:: MATERIAL PROVIDED ::

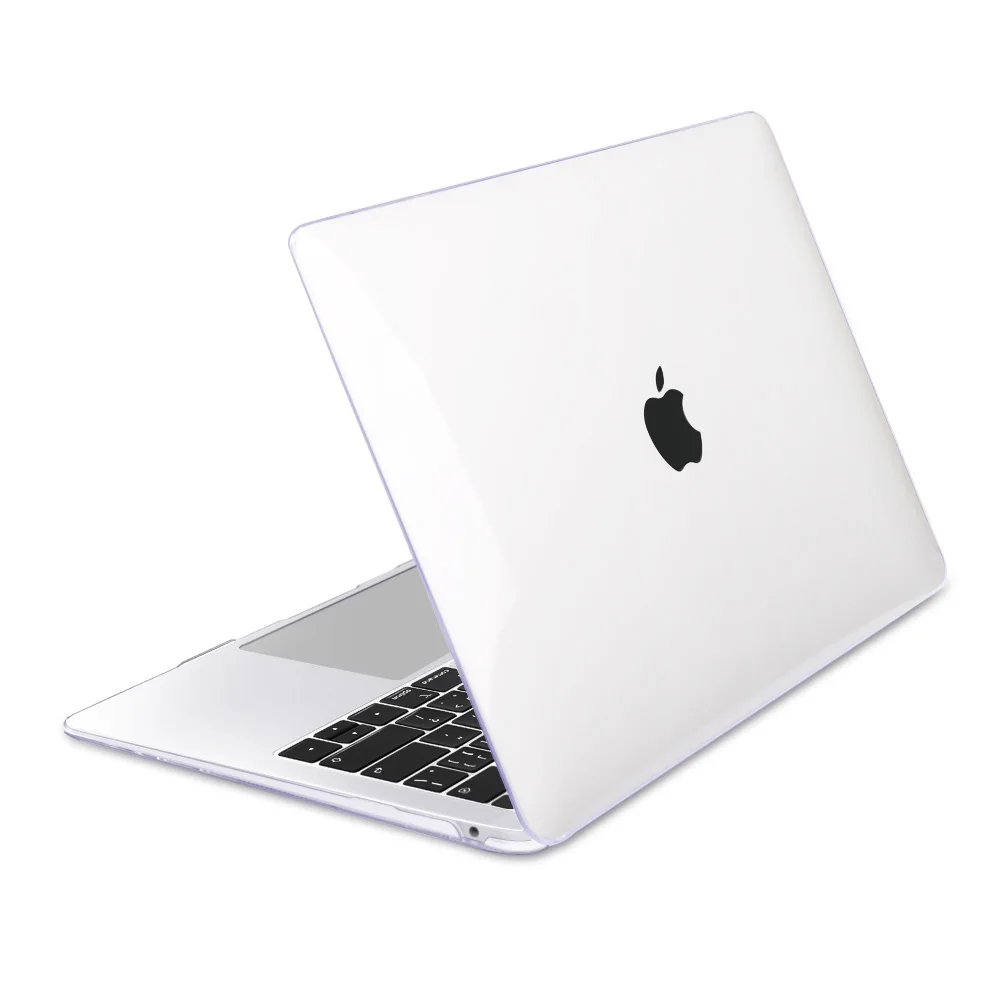 Transparent Чехол для ноутбука Apple MacBook Air 11 13 Pro retina 12 13 15 для Mac book Pro 13,3 15,4 Touch bar мраморный пластиковый жесткий чехол - Цвет: Transparent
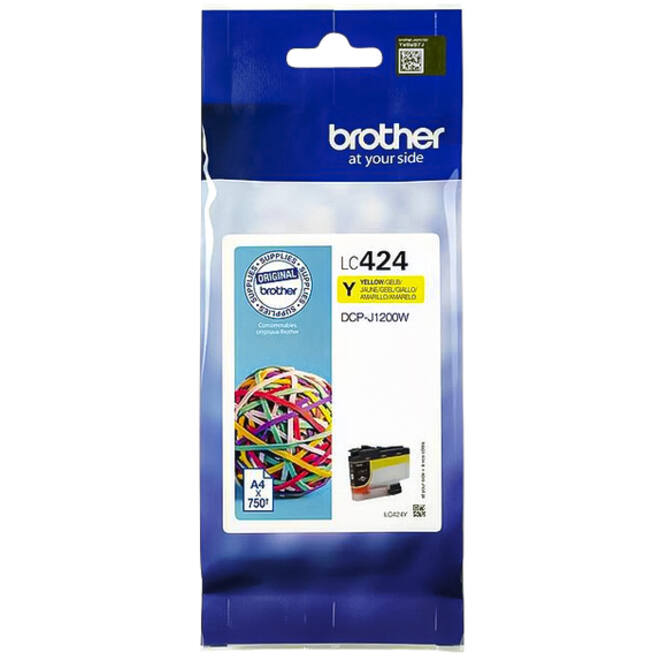 Inktcartridge Brother LC-424Y geel
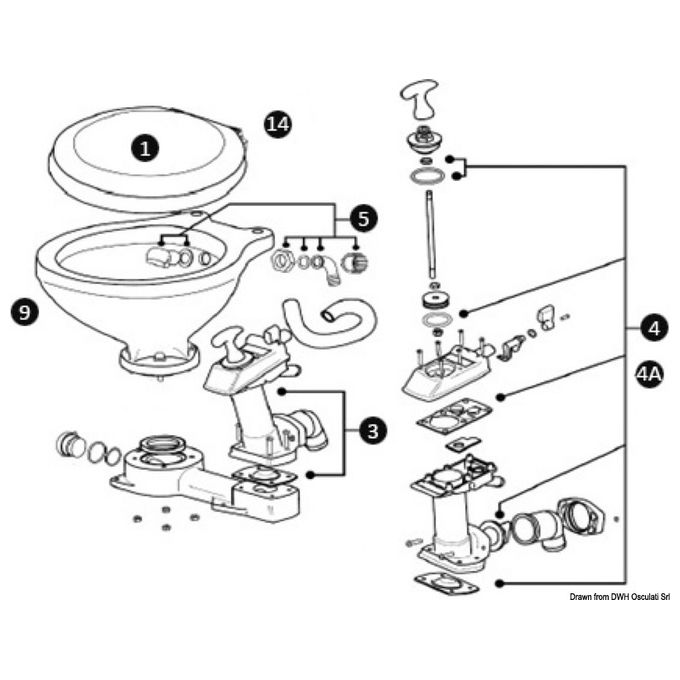 Image of Kit Cerniere Asse Wc Legno Osculati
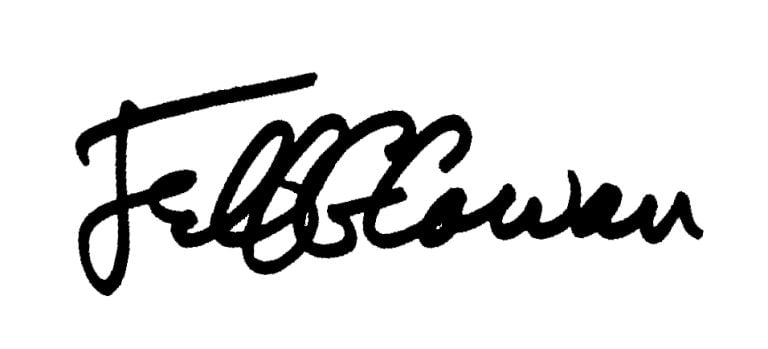 Jeff Cowan Signature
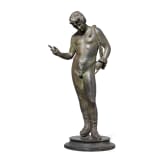 "DIONYSOS &ndash; Narcissus of Pompeii", Anonymous, after the antique, late 19th century, bronze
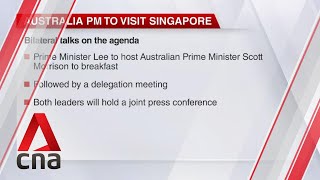 Australian PM Morrison, PM Lee to discuss bilateral issues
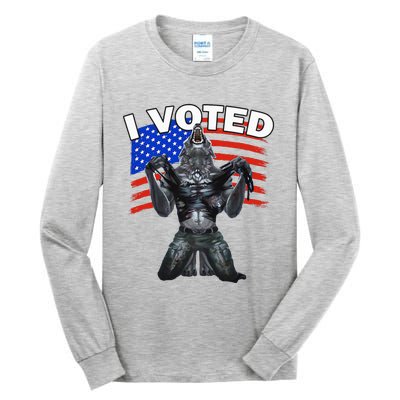 I Voted Werewolf Tall Long Sleeve T-Shirt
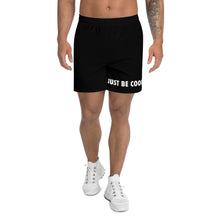 Load image into Gallery viewer, JUST BE COOL Athletic Shorts (Black)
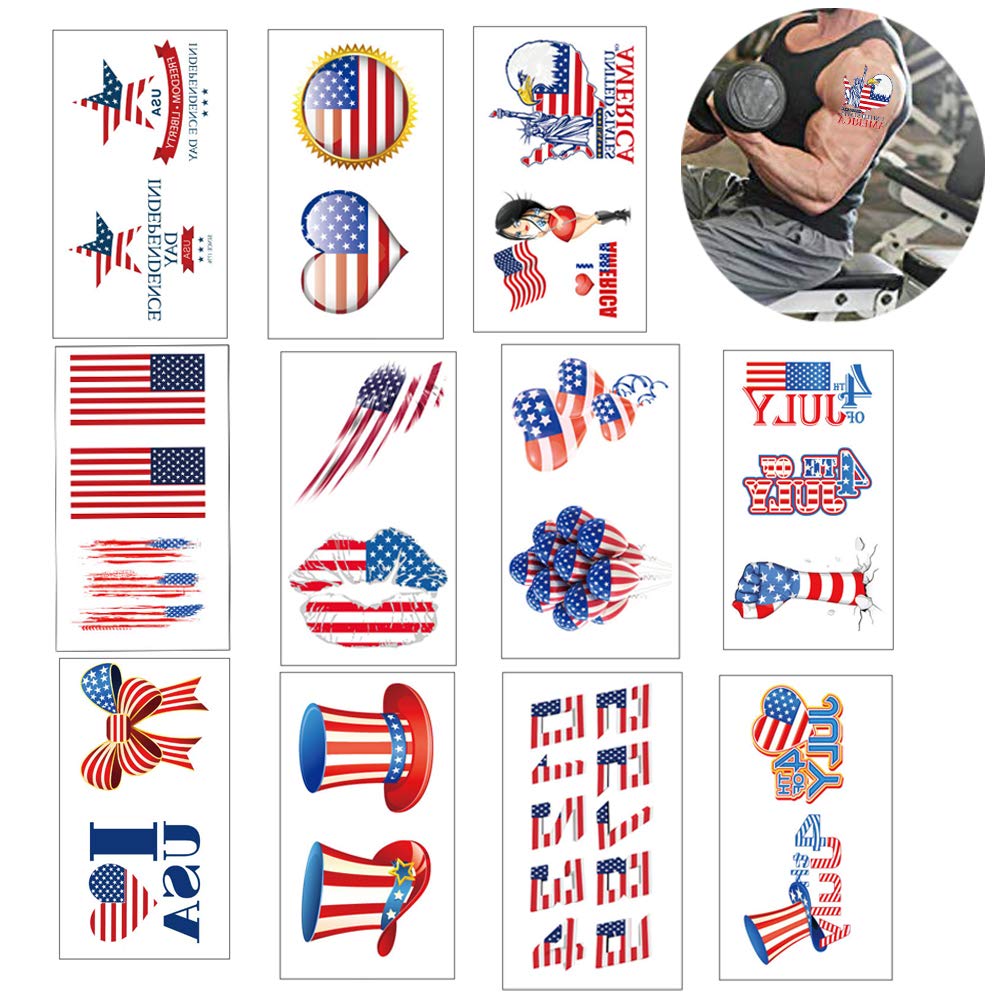 tattoos for men American Flag 0099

:::

Every line above goes into your copy exactly; no images go in.

== OUTPUT OF THE EXERCISE ==
 Transparent Чехол для ноутбука Apple MacBook Air 11 13 Pro retina 12 13 15 для Mac book Pro 13,3 15,4 Touch bar мраморный пластиковый жесткий чехол - Цвет: Transparent
 Inktcartridge Brother LC-424Y geel
 Image of Kit Cerniere Asse Wc Legno Osculati
 Jeff Cowan Signature
 "DIONYSOS &ndash; Narcissus of Pompeii", Anonymous, after the antique, late 19th century, bronze
 Australian PM Morrison, PM Lee to discuss bilateral issues
 I Voted Werewolf Tall Long Sleeve T-Shirt
 Load image into Gallery viewer, JUST BE COOL Athletic Shorts (Black)
 tattoos for men American Flag 0099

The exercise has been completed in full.